It is unfortunate, perhaps devastating, for Jews that the reenactment of settling the land and cultic practices associated with it have nearly excluded reenactments of any other Biblical messages that have counterparts elsewhere in the universal library. I refer, for example, to the insistence of Hebrew prophets on social welfare and justice. There is also the precept about the same laws and judicial diligence applying to both the Jews and the "strangers" in their midst. Such a standard has been sadly lacking over decades of Israel's dealing with its own Palestinian minority, with the Palestinians in the territories and even with guest workers.

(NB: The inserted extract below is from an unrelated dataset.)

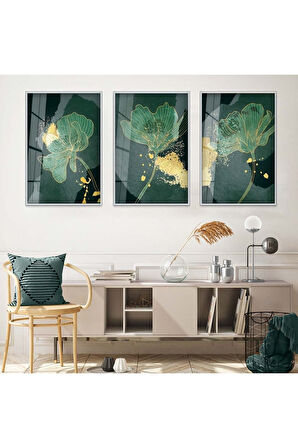 Siyah Metal Çerçeveli Soyut Desen Üçlü Kırılmaz Cam Tablo Seti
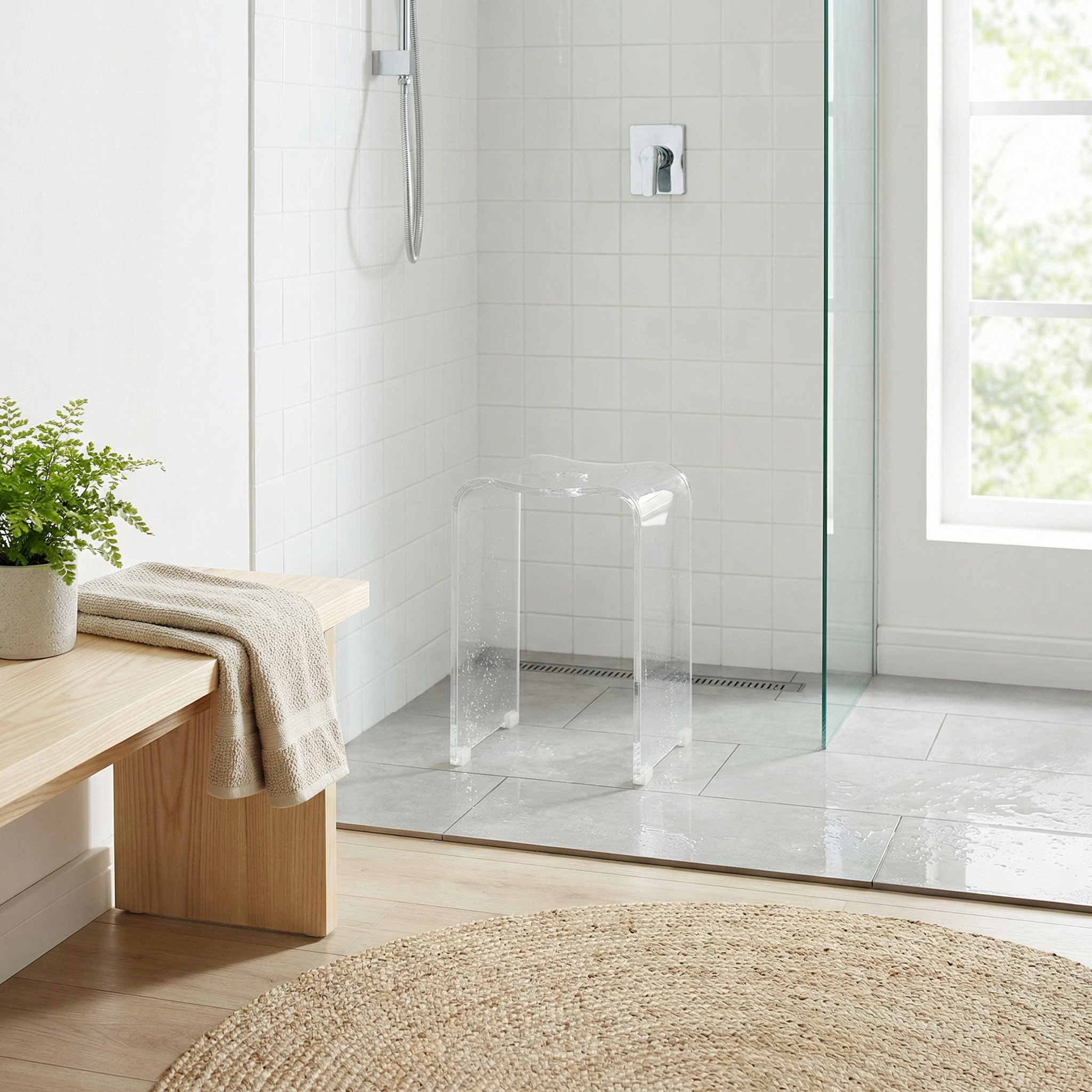 Tabouret de salle de bain PMR antidérapant – sécurité et stabilité, Transparent (SATSTOLPLASTT)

Another Biblical episode is particularly relevant now as the penitential season in the Jewish calendar approaches and Israel also debates what commissions of inquiry could adequately investigate the conduct of the latest war. The story (Samuel 2, 12:1-13) encapsulates the idea of speaking truth to power. The prophet Nathan visits King David after David had engineered the death of his soldier Uriah in order to take Uriah's widow Bathsheva as his wife. Nathan told David about two men living in the city. One was rich and had many sheep. The other was poor and had only a small ewe lamb to provide milk, but the man loved that lamb and raised it as one of the family. A traveler visited the rich man, but the rich man did not kill one of his own flock for the welcoming feast. Instead he stole the poor man's lamb, slaughtered and served it to his guest.
And David's anger was greatly kindled against the man; and he said to Nathan, "As the Lord lives, the man that did this thing deserves to die. He shall restore the lamb fourfold, because he did this thing, and because he had no pity." And Nathan said to David, "You are the man."

Nathan then explained that God had saved David from being killed by the previous king. God had given David that king's wives and possessions. Nevertheless, David had arranged the death of Uriah so he could take Uriah's only wife Bathsheva. (Note women = chattel was a sign of the times.) David most remarkably for a political and war leader of that period acknowledged his sin.